Paying the toll on the M6 Toll Road was easy, and something Doug Ford could look at for his highway robbery scheme, the 407 Toll in Ontario. On the M6 Toll, your licence plate is read by a camera as you enter, and again when you leave. The computer does a real-time calculation and presents you with a bill at the Toll Gate, which you can settle immediately with a contactless bank card or phone app. No paper bills, no video fee and no transponders like the 407. Regular users can open a Breeze account and pay online, and at a slight discount, too; again, no paper. Dougie, this is what you need to do.
Back into the real world, and a toll-free motorway, I noted that the M6 has lost its hard shoulder and has four lanes for driving traffic as opposed to three and the shoulder. Refuges are provided every mile or so of course, should you break down. That ought have eased the flow, but instead of three lanes of crawling traffic, it's now four lanes of crawling traffic, thus proving the point that no matter how big you build a road, the traffic will always expand to fill it. Taxes on petrol don't deter people, either, so maybe more roads should charge in order to reduce congestion? A simple but sadly impractical solution, because all the folks avoiding the tolls would just gum up all the free "A" roads.

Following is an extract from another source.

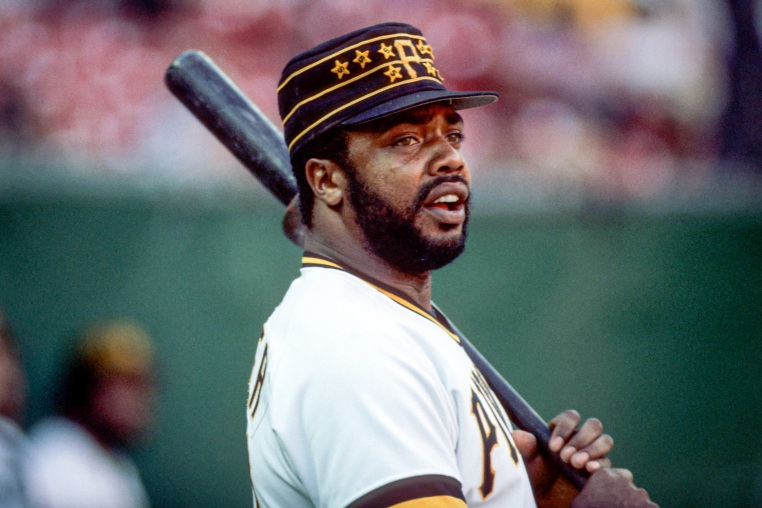 Dave Parker.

Coming into Manchester, the series of urban motorways in the area brought us almost to the door of our accommodation in Salford, although not before having to turn right across what was a seemingly endless stream of cars on a three lanes carriageway. Our apartment has, er, issues, but I'll deal with those in a separate post. Suffice it to say here that the Burger King we snacked at had only kiosk ordering, card payments, and screens like a bank on the counter. Nice.
The restaurant was good, though, and the guy serving had time for a chat. He was local and said that he liked Manchester over London because although crazy, it was a level of crazy he could cope with, which was a trenchant observation. We sat and watched the Friday night revellers appear in the streets, young women wearing outfits that covered only the essentials, and men being loud, presumably to impress the scantily clad young women. Don't get me wrong, I'm not being censorious, I'm happy that the young folk feel free to express themselves, but goodness I wouldn't want to be young again these days.
Manchester is a vibrant and burgeoning city, without doubt. It's on the up. But away from the centre, places look battle-scarred and there is a perception that the place is under siege, at least if you look at the graffiti, the urban razor wire and the phalanx of security guards in Tesco. I hope, I really do hope, that the perception is worse that the reality.
Saturday is to be given over to a trip to the East Lancashire Railway, a heritage steam railway based in Bury, just a few miles north of Salford. I'm looking forward to that after the mean streets of Manchester.